There are now versions of
getRecordBuffer
, writeRecordBuffer
, getSequence
, and getFields
that take and do not take SequenceTranslation
as a parameter. The versions that do not take SequenceTranslation
as a parameter use the translation setting that has been set for the SamRecord
either by SamRecord::setSequenceTranslation
or through SamFile
.
If
SamRecord::setReference
was never called on the record either by the user or by SamFile
, no sequence translation is done, regardless of the SequenceTranslation
setting.
Once the reference or sequence translation has been set on a
SamRecord
object it remains set until a setReference
or setSequenceTranslation
call is made.
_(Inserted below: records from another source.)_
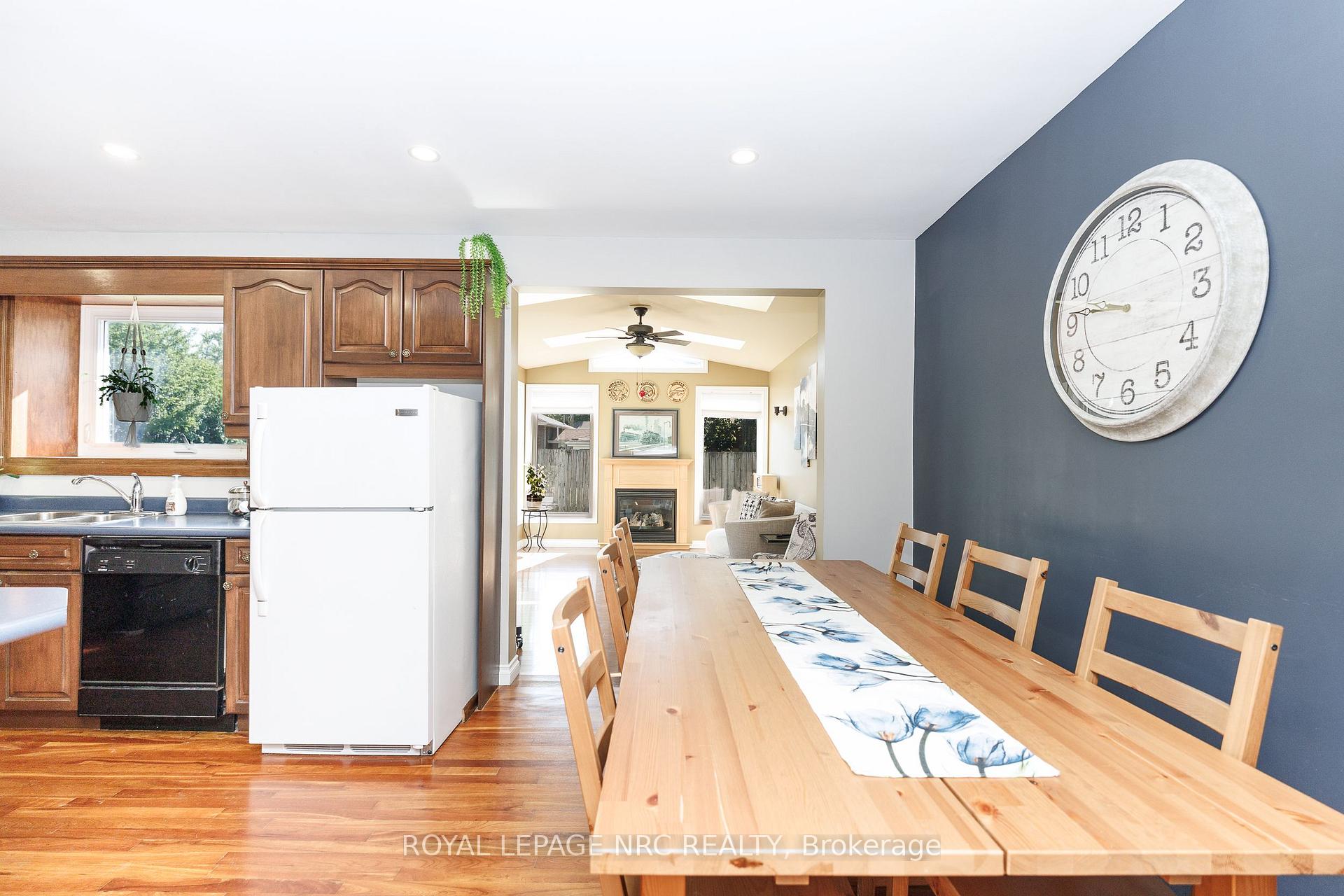 Photo 16 of 85 Regent Drive, St. Catharines, Vine/Linwell — HOMEH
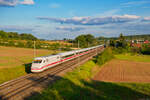 401 058 DB Fernverkehr als ICE 584 (München Hbf - Lübeck) bei Siegelsdorf, 01.09.2021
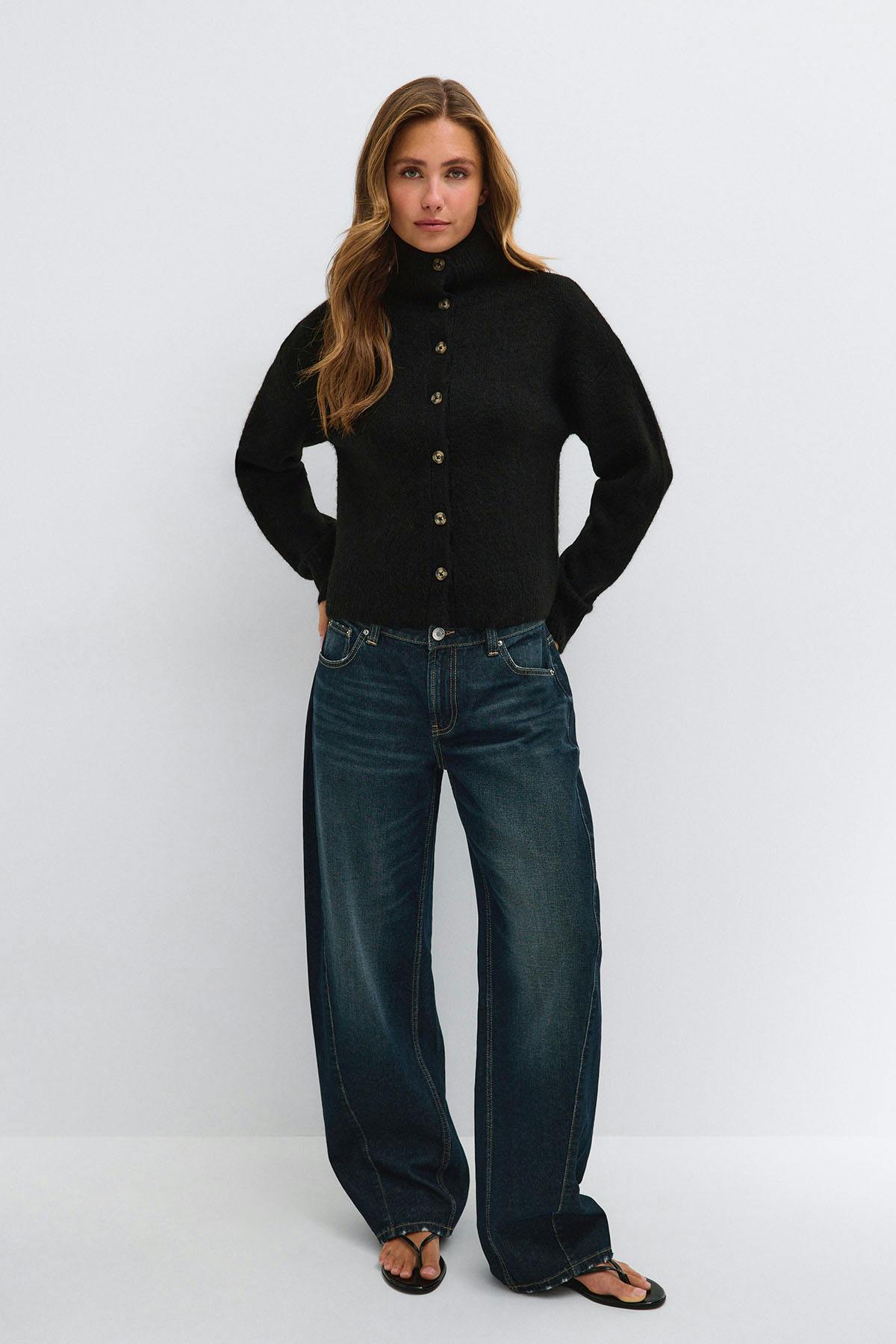 Turtleneck knitted cardigan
Resetting or reusing the object does not clear these settings.
Possibly useful to a User
Added a class, SamQuerySeqWithRef
, with static methods seqWithEquals
and seqWithoutEquals
. SamRecord uses these methods to translate the sequence for the user.
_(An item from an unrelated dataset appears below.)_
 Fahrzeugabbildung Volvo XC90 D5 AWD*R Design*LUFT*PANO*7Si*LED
// Gets the sequence with '=' in any position where the sequence matches the reference.
// NOTE: 'N' in both the sequence and the reference is not considered a match.
// Parameters:
// currentSeq sequence that should be converted
// seq0BasedPos 0 based start position of currentSeq on the reference.
// cigar cigar string for currentSeq (used for determining how the sequence aligns to the reference)
// referenceName reference name associated with this sequence
// refSequence reference sequence object
// updatedSeq return parameter that this method sets to the current sequence, replacing any matches to the reference with '='.
static void SamQuerySeqWithRef::seqWithEquals(const char * currentSeq,
int32_t seq0BasedPos,
Cigar & cigar,
const char * referenceName,
const GenomeSequence & refSequence,
std::string & updatedSeq)
// Gets the sequence converting '=' to the appropriate base using the reference.
// Parameters:
// currentSeq sequence that should be converted
// seq0BasedPos 0 based start position of currentSeq on the reference.
// cigar cigar string for currentSeq (used for determining how the sequence aligns to the reference)
// referenceName reference name associated with this sequence
// refSequence reference sequence object
// updatedSeq return parameter that this method sets to the current sequence, replacing any "=" with the base from the reference.
static void SamQuerySeqWithRef::seqWithoutEquals(const char * currentSeq,
int32_t seq0BasedPos,
Cigar & cigar,
const char * referenceName,
const GenomeSequence & refSequence,
std::string & updatedSeq)
These static methods can be used without going through a SamRecord
object.
INTERNAL MODIFICATIONS
- Updated GenericSamInterface, BamInterface, and SamInterface to take TranslationType as a parameter to
writeRecord
.
BamInterface::writeRecord
passes the translation parameter to SamRecord::writeRecordBuffer
SamInterface::writeRecord
passes the translation parameter to SamRecord::getSequence
when it obtains the sequence to write into the SAM file.